### Problem statement
Each line from the one containing "青と緑の大理石の流体アート抽象芸術 タンブラー (回転右)" through the last line of the records is to be repeated exactly, with all pictures left out.

### Given entries

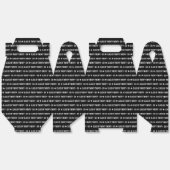 Moderne Klasse van Twenty Twenty‑Six Typografie Bedankdoosjes (Ongevouwen)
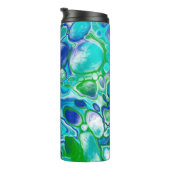 青と緑の大理石の流体アート抽象芸術 タンブラー (回転右)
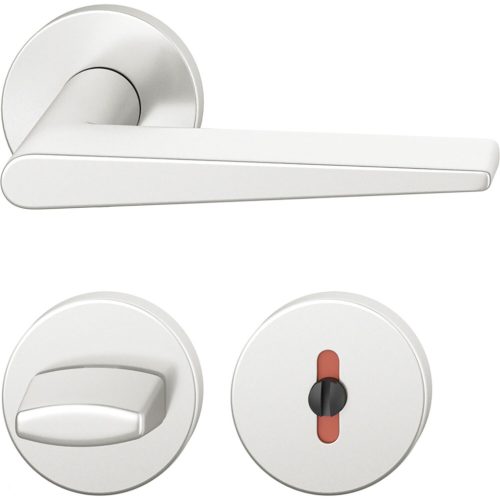 FSB kilincsgarnitúra 12 1005 ASL WC rozettán aluminium ezüst eloxált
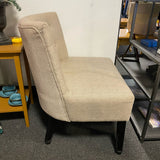 Fabric and wood Chair (Accent - single)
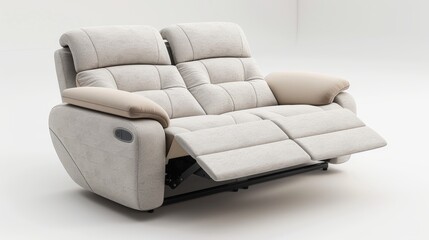 Reclining Sofa Modern Design: A 3D illustration highlighting the modern design elements of a reclining sofa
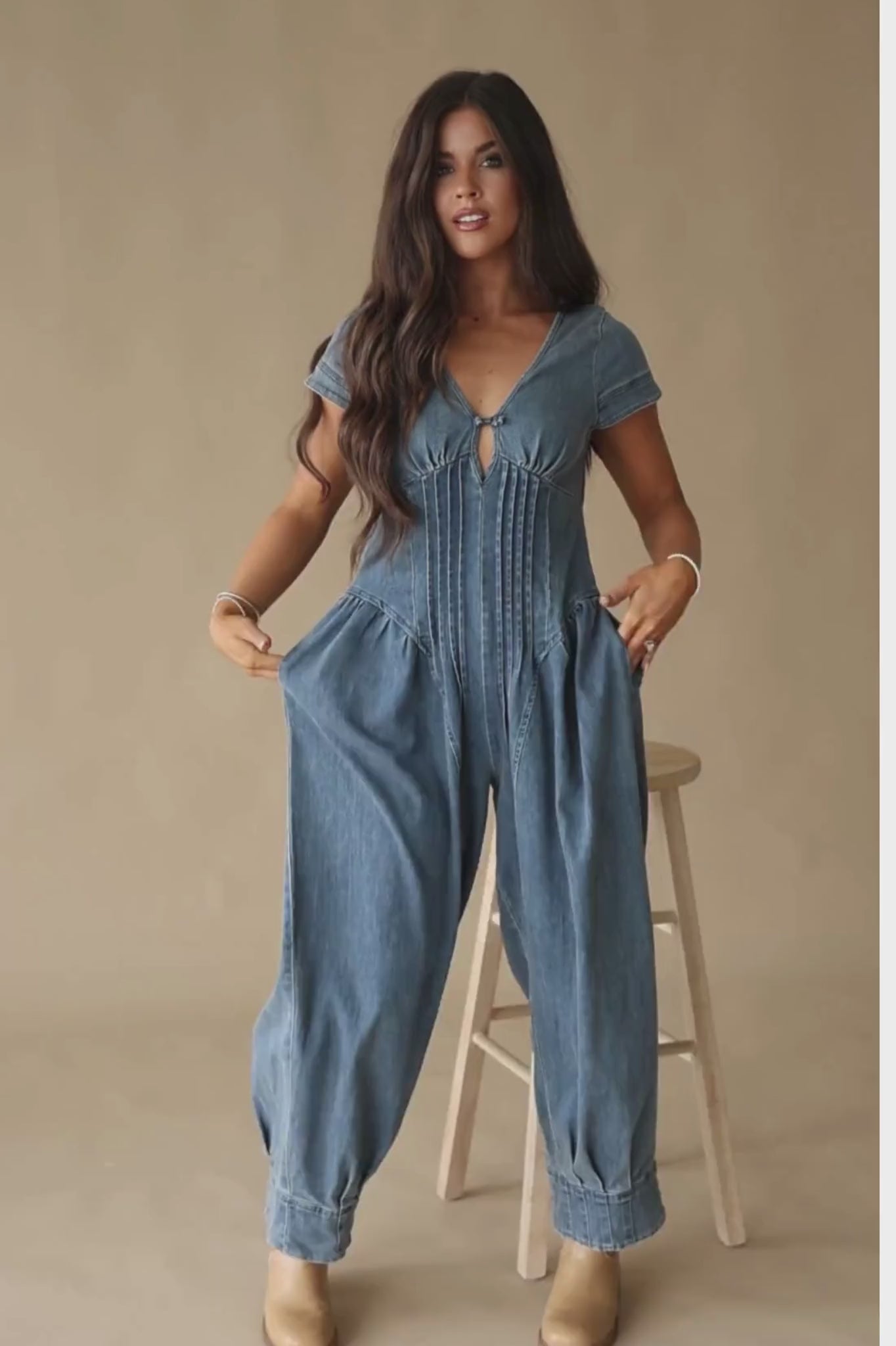 ロンパース・カバーオール mabli - Stevie Romper - 2y Pre-Order!] Stevie Denim Jumpsuit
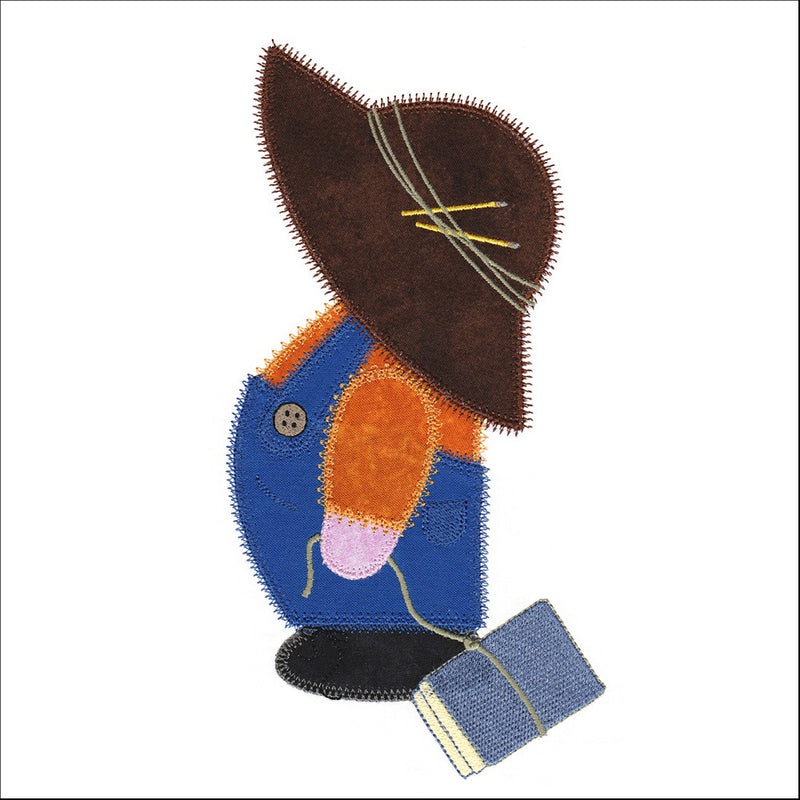 V-Stitch Designs Back To School Overall Sam - Digital Download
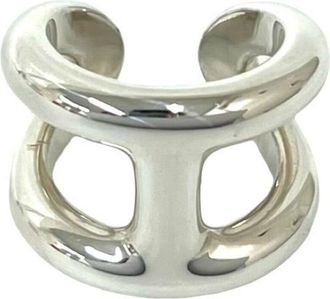 Herm&egrave;s Silver Silver 925 Band Ring (Pre-Owned)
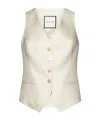 Tagliatore Giselle V-neck Waistcoat In Neutral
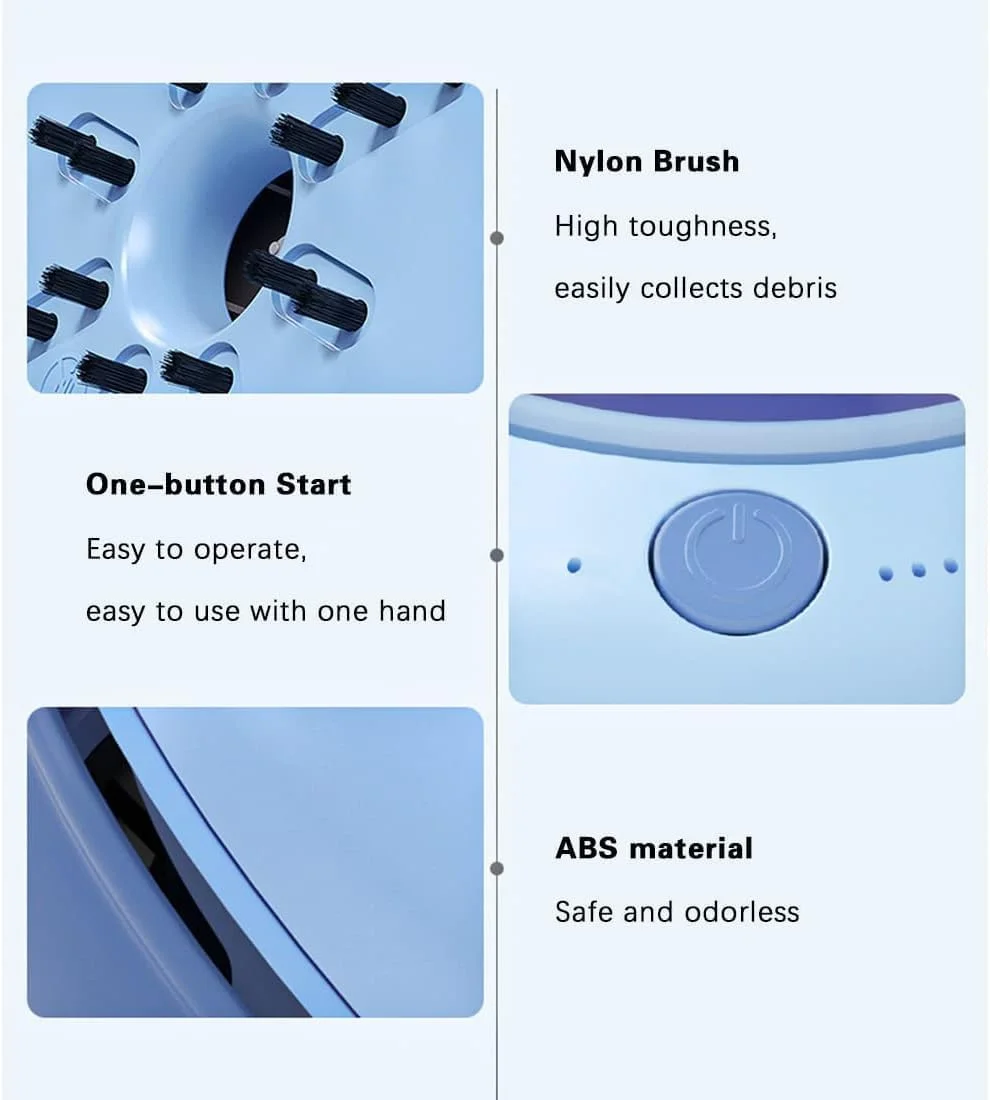 جاروبرقی رومیزی کوچک MAKINGTEC، جاروبرقی قابل حمل و جداشدنی با شارژ USB، تمیز کردن بدون زاویه مرده، مناسب برای گرد و غبار/خرده ریز/صفحه کلید کامپیوتر (آبی)
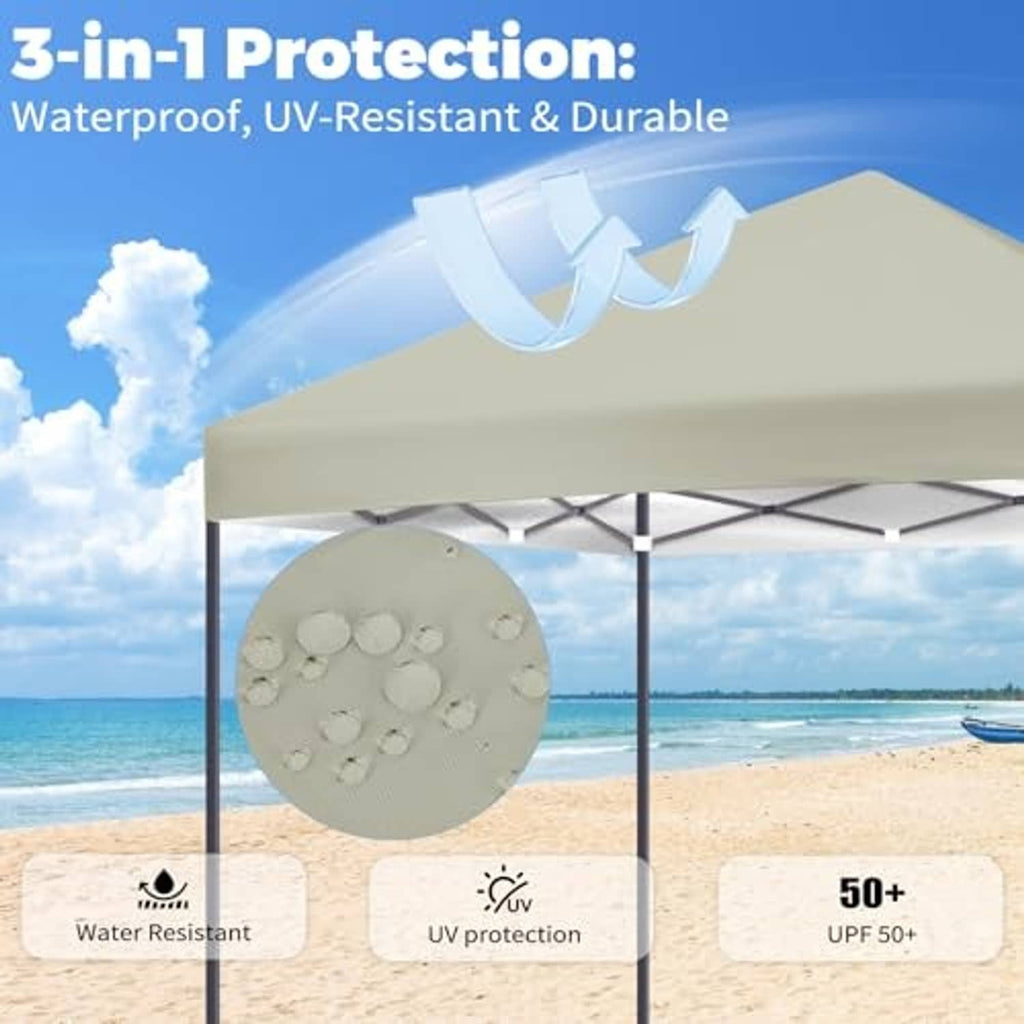 Gray 4x6 pop up canopy replacement top cover with UV-resistant waterproof fabric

### Answer
 青と緑の大理石の流体アート抽象芸術 タンブラー (回転右)
 FSB kilincsgarnitúra 12 1005 ASL WC rozettán aluminium ezüst eloxált
 Fabric and wood Chair (Accent - single)
 Reclining Sofa Modern Design: A 3D illustration highlighting the modern design elements of a reclining sofa
 ロンパース・カバーオール mabli - Stevie Romper - 2y Pre-Order!] Stevie Denim Jumpsuit
 V-Stitch Designs Back To School Overall Sam - Digital Download
 Herm&egrave;s Silver Silver 925 Band Ring (Pre-Owned)
 Tagliatore Giselle V-neck Waistcoat In Neutral
 جاروبرقی رومیزی کوچک MAKINGTEC، جاروبرقی قابل حمل و جداشدنی با شارژ USB، تمیز کردن بدون زاویه مرده، مناسب برای گرد و غبار/خرده ریز/صفحه کلید کامپیوتر (آبی)
 Gray 4x6 pop up canopy replacement top cover with UV-resistant waterproof fabric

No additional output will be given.